10. UNDERWORLD - If Rah (from Barbara Barbara, We Face A Shining Future, Smith Hyde Productions) [video]
A comparatively subtle one from Underworld here, and I appreciate you can't say that about them very often. It's all in the layering: throwaway lines and phrases gradually turning into loops, which wander in and out of the mix before all coming together for the big finish. By the end of this one, I always find that I appear to have somehow laid my hands on a pair of air glowsticks.

11. BILLY BRAGG & JOE HENRY - The L&N Don't Stop Here Any More (from Shine A Light, Cooking Vinyl) [video]
Bragg's love of Americana has long been an undercurrent in his later work, and this collaboration with Joe Henry just makes it official. This is probably the best concept album of the year, that concept being Bragg and Henry travelling to various locations by train and making field recordings of some of the finest train-based songs ever written. Most people of my age will be familiar with this song from Michelle Shocked's version of thirty years ago, but Billy and Joe bring their own distinctive weary charm to it.

12. THE DIVINE COMEDY - How Can You Leave Me On My Own (from Foreverland, Divine Comedy Records) [video]
It would appear that as we move into late period Divine Comedy - hey, Neil Hannon's been making records for a quarter of a century now, I think that counts as 'late' - anyway, it looks like it's the sillier songs that grab me more than the big emotional ones. It's not immediately obvious that this is one of the former: the title suggests a melodramatic tale of romantic abandonment, whereas in reality it's about Hannon complaining how bored he is around the house while his other half is out for the day. I keep trying to explain to The BBG that this is a perfect depiction of the life of a freelancer sat at home in between jobs, and she keeps assuming that I'm kidding. Probably just as well, really.

The back of Anne Dudley's head and the front of Martin Fry's. Is this really the best picture available of the two of them together?13. ABC - The Love Inside The Love (from The Lexicon Of Love II, Virgin EMI) [video]
Taken from the only album I thought was worth reviewing in full on the site this year.

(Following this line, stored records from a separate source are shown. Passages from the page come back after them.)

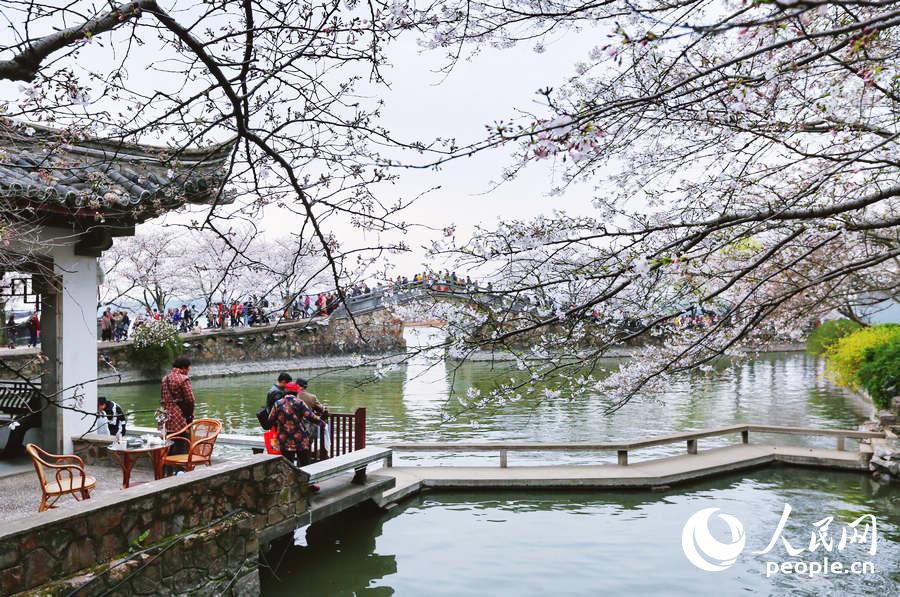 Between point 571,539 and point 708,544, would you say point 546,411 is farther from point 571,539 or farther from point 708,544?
point 708,544

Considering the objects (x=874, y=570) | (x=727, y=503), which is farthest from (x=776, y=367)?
(x=874, y=570)

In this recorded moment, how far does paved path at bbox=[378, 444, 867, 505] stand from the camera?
10.2 meters

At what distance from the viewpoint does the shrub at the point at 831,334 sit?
25.9 m

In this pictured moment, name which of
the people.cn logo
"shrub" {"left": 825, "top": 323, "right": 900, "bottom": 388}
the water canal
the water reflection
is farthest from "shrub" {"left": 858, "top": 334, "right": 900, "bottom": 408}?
the people.cn logo

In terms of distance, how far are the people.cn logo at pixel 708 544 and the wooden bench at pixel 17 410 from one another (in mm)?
6938

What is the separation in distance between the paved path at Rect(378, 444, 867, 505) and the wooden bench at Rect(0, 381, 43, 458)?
13.8ft

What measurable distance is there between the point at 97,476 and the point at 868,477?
34.3ft

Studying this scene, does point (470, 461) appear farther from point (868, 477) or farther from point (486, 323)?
point (486, 323)

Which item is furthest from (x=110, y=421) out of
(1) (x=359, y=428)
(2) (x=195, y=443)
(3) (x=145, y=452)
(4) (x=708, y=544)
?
(4) (x=708, y=544)

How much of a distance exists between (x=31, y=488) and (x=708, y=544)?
7049mm

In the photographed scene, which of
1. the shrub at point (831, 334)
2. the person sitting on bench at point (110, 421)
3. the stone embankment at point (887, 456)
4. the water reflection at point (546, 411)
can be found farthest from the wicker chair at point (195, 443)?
the shrub at point (831, 334)

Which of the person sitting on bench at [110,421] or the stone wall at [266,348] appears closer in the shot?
the person sitting on bench at [110,421]

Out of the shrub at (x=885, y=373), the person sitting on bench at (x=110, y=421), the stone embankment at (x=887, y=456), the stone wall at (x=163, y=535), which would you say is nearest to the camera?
the stone wall at (x=163, y=535)

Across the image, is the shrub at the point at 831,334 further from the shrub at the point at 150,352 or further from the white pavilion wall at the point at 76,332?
the shrub at the point at 150,352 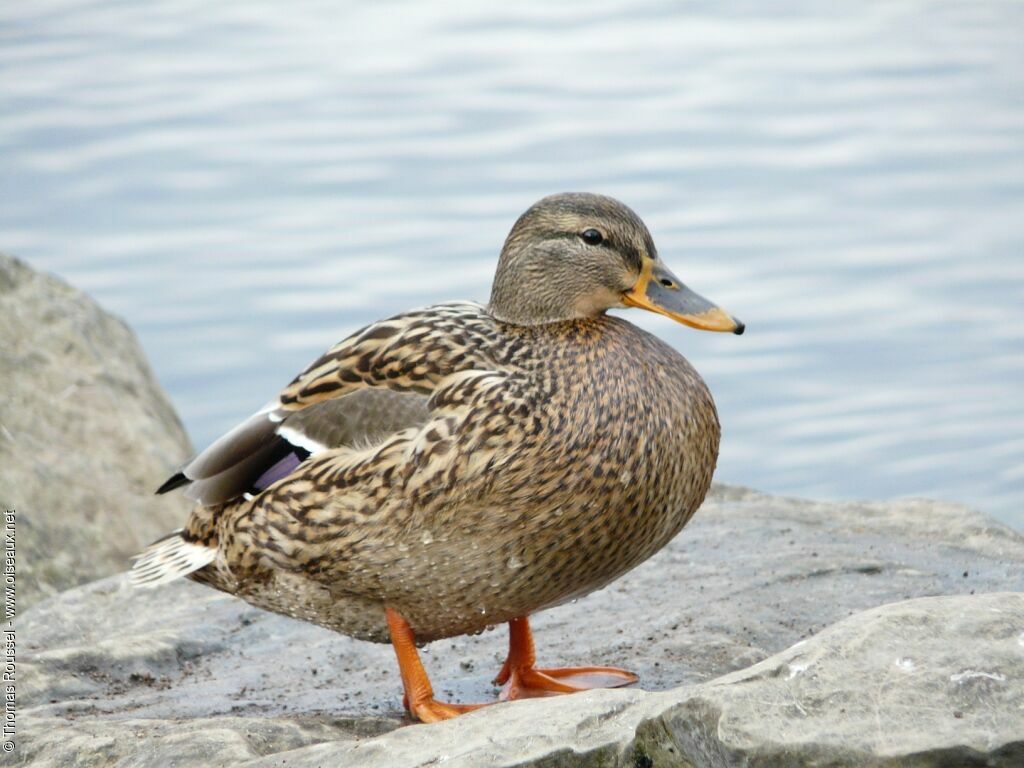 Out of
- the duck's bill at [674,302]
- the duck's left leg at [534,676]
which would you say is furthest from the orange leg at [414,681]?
the duck's bill at [674,302]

ABC's sequel to their debut still holds up several months later, with this collaboration between Martin Fry and orchestral arranger/Art Of Noiser Anne Dudley continuing to be the standout. It's a more mature approach to the love song than Fry could ever have managed in his twenties, but with many of the classic ABC tropes. Specifically, the look-at-the-studio-time-on-that-missus expansiveness of Dudley's arrangement, the surprisingly early key change, and an over-extended metaphor ('take a left at heartache...') that literally deforms the middle eight into a middle sixteen. Still, it's that level of ridiculousness (played, naturally, with a straight face) that made us love ABC all those years ago, and continues to work even now.

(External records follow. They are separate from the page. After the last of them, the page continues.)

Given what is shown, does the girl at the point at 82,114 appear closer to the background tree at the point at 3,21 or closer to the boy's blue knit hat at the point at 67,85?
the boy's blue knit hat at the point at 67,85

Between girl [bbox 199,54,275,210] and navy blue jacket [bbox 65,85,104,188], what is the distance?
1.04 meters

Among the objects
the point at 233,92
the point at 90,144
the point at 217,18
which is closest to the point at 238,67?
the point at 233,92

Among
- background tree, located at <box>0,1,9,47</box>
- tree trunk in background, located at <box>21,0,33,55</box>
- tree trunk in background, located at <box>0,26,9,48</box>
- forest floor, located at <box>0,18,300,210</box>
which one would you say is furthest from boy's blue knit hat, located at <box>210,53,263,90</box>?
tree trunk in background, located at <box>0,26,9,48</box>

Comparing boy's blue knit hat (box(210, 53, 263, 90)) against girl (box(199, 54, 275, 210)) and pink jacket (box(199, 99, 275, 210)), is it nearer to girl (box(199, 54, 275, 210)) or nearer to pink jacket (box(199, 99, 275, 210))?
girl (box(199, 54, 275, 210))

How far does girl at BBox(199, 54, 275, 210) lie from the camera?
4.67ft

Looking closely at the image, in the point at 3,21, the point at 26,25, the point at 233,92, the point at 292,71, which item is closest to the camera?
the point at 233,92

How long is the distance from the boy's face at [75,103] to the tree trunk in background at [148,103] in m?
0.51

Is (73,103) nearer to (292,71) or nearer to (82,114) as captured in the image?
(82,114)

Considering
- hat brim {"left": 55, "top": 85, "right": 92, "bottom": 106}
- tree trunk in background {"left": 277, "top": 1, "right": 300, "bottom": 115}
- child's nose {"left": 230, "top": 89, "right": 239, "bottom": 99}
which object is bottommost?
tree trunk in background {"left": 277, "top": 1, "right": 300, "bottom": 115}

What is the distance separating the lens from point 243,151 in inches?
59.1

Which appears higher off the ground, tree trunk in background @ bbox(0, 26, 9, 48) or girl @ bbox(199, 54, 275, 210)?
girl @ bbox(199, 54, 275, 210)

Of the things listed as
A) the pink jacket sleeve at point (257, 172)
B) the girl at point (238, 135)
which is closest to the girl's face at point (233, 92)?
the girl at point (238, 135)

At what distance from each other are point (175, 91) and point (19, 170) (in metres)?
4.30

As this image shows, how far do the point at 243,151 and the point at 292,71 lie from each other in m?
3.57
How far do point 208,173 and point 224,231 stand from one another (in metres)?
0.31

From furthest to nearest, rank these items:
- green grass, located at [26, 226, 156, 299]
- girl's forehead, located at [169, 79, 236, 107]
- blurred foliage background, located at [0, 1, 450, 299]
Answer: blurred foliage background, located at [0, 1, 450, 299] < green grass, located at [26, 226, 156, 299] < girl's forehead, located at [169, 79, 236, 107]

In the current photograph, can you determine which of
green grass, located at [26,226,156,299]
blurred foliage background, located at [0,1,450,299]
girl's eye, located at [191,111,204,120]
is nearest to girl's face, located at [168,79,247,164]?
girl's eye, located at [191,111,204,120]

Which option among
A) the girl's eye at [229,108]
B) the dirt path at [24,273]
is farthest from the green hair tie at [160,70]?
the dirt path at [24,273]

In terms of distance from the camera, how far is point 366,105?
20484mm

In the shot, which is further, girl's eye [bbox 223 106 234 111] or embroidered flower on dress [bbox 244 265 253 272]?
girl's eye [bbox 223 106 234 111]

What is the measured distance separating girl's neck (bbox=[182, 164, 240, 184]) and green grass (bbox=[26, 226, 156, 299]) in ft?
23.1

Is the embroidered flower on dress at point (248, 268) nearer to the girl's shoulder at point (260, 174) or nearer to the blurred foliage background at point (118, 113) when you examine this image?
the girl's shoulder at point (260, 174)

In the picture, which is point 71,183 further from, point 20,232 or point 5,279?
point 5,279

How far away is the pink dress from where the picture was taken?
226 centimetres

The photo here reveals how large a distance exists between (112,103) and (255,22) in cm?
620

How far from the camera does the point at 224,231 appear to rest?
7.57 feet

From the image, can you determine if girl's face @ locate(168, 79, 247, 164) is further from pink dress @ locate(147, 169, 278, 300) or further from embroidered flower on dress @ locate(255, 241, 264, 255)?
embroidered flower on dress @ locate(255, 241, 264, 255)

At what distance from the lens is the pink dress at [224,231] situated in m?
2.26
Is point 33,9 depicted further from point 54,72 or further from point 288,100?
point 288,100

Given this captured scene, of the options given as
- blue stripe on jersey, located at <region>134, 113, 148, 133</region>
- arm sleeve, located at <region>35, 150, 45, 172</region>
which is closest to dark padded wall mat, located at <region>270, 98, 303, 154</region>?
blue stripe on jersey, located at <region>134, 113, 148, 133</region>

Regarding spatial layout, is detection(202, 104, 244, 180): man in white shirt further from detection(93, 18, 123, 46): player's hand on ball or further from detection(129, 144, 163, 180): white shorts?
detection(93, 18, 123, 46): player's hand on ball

14. KATE TEMPEST - Ketamine For Breakfast (from Let Them Eat Chaos, Fiction) [video]
Kate Tempest was last mentioned in these pages two years ago, when I noted that along with everything else she had a novel on the way. I bought an airport exclusive paperback of that novel - The Bricks That Built The Houses - virtually on the week of its publication, and felt so pleased with myself that I haven't looked at it since. In the meantime, Tempest is still making records, assembling tight little character sketches over a musical backing. I'm amused by the way that the radio edit of this song has become Kkkkkkkk For Breakfast, in case Shaun Keaveny listeners are tempted to abandon their Shreddies for something stronger.

15. DONNA LYNNE CHAMPLIN - Face Your Fears (from Crazy Ex-Girlfriend: Original Television Soundtrack (Season 1 - Volume 1), CBS/Warner Bros) [video]
I've blathered on relentlessly (mainly in the Simian Substitute pages) about how Crazy Ex-Girlfriend has been the best thing on telly recently, and how its creator/star Rachel Bloom has restored dignity to the art of the televised comedy song. (Although, of course, we were talking about Ylvis just a few paragraphs ago.) The requirement to create two full musical numbers for every episode meant I had about forty songs to choose from in Season 1 alone: but this one stands out because it doesn't require any real knowledge of the show's plot to enjoy it. (I suspect it might have been sitting in Bloom's drawer for a few years under a working title like Generic Musical Theatre Act One Motivation Song.) Donna Lynne Champlin sells the living crap out of it, convincing you by the end that "wipe back to front, not front to back" is valid life advice.

16. KOJEY RADICAL - Kwane Nkrumah (from 23Winters, Kojey Radical) [video]
Here's another live memory from this year for you. Saul Williams played at the Garage in London back in March, and had two support acts on with him. Shay D was fine, but seemed obviously overawed by the experience. On the other hand, when Kojey Radical came on stage you could almost see him thinking "Saul Williams is on straight after me. I'd better up my game." What followed was a staggeringly powerful half-hour set, made even more so by his performing with a full live band rather than a pre-programmed backing. His records this year - this album, and the airplay-grabbing single Gallons - haven't had quite the same intensity for me as that introduction, but they definitely mark him out as a voice we're going to be hearing a lot more of soon.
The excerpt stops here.